**What is expected**
Without changing a word, copy every line of the listing below and leave out the images.

**Data to examine**
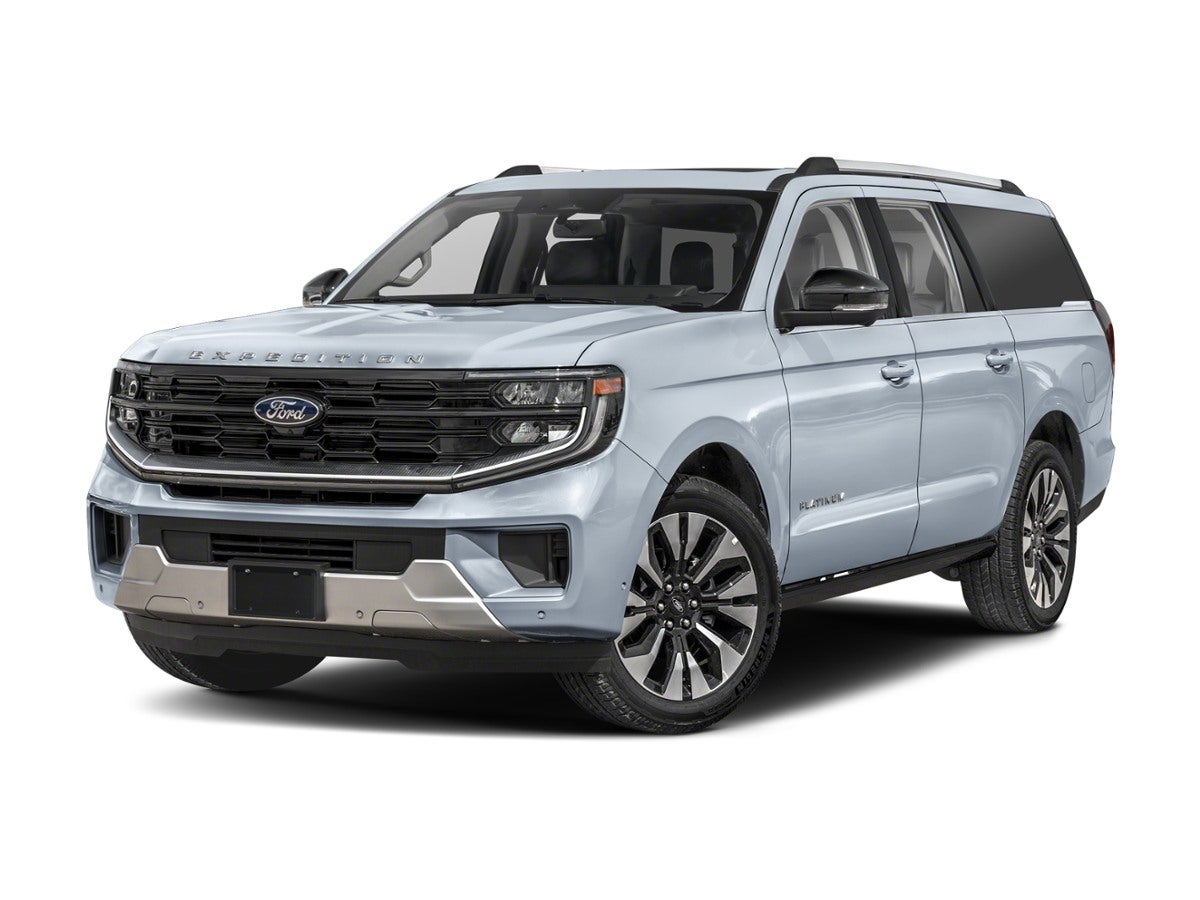 2027 Ford Expedition Max Platinum 800A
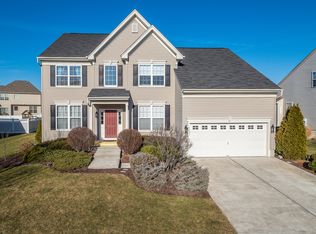 903 Canterbury Dr, Mullica Hill, NJ 08062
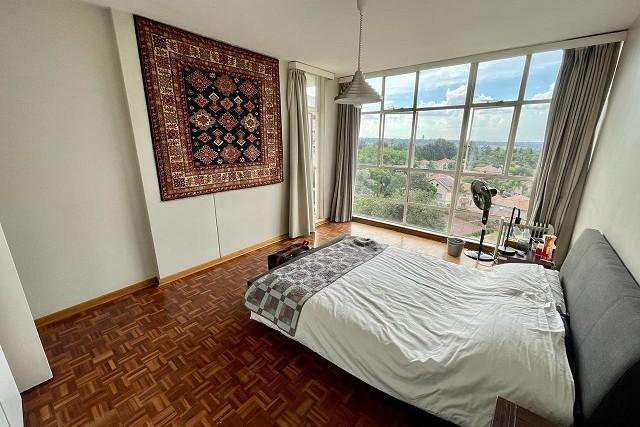 2 Bedroom Property for Sale in Bedfordview Gauteng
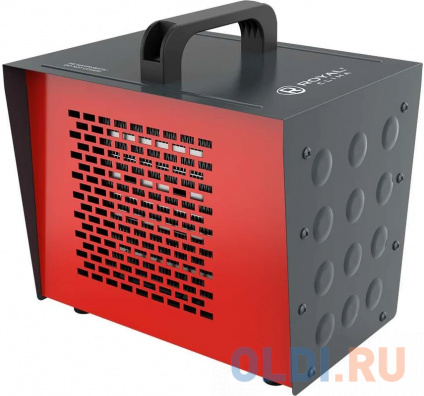  Royal Clima   HEAT BOX COMPACT RHB-C3  --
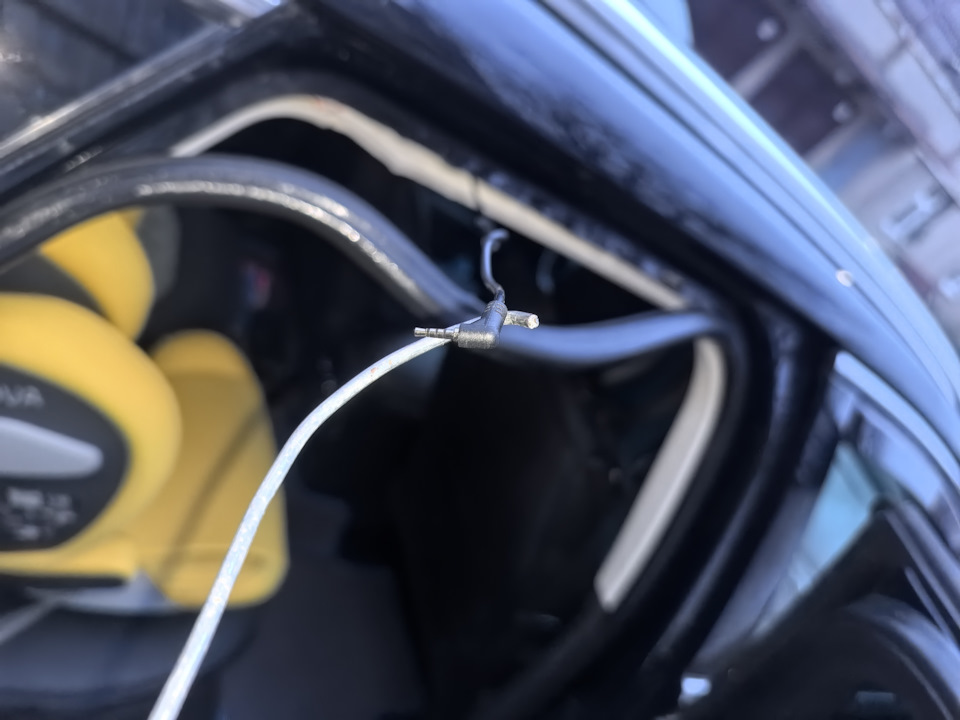 Фото в бортжурнале Ford Mondeo V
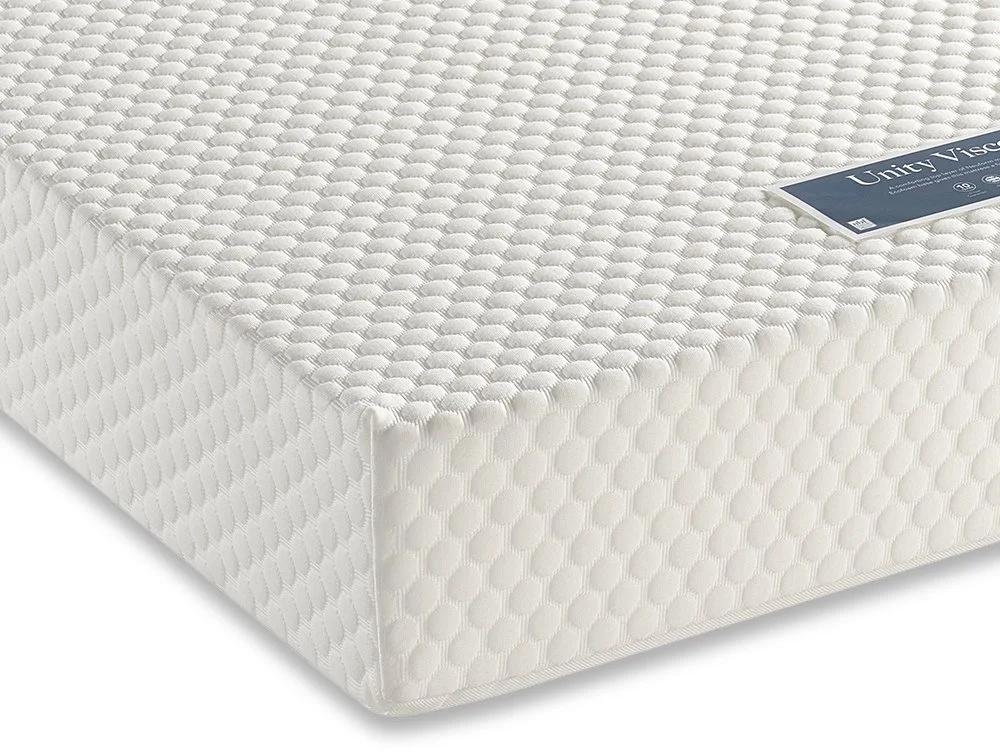 Komfi Komfi Unity Visco Ortho Mattress in a Box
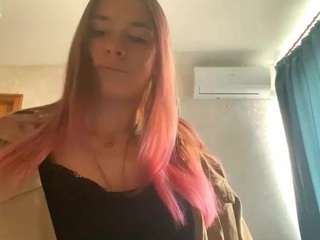 BeverleyHosford on webcam for live free nude chat now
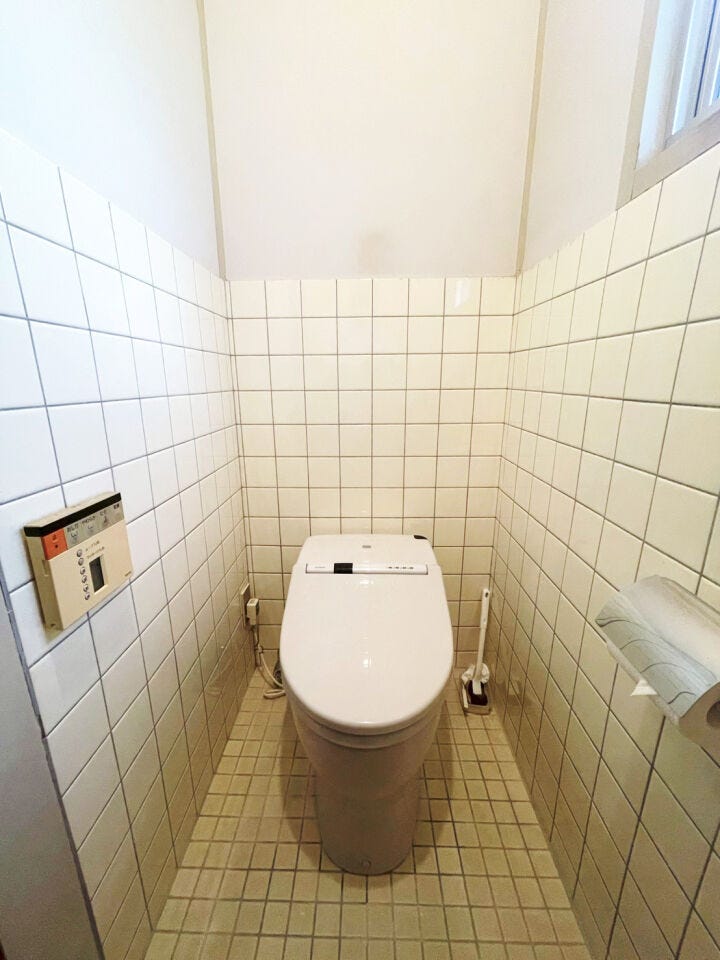 小倉南区葛原 中古戸建て♪全居室6帖以上♪小学校徒歩13分♪コンビニ徒歩10分♪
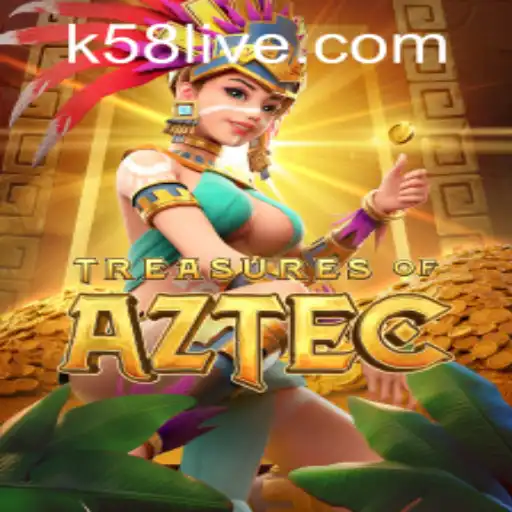 Exploring TreasuresofAztec and the Excitement of k58 PH Login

**Solution below**
 2027 Ford Expedition Max Platinum 800A
 903 Canterbury Dr, Mullica Hill, NJ 08062
 2 Bedroom Property for Sale in Bedfordview Gauteng
  Royal Clima   HEAT BOX COMPACT RHB-C3  --
 Фото в бортжурнале Ford Mondeo V
 Komfi Komfi Unity Visco Ortho Mattress in a Box
 BeverleyHosford on webcam for live free nude chat now
 小倉南区葛原 中古戸建て♪全居室6帖以上♪小学校徒歩13分♪コンビニ徒歩10分♪
 Exploring TreasuresofAztec and the Excitement of k58 PH Login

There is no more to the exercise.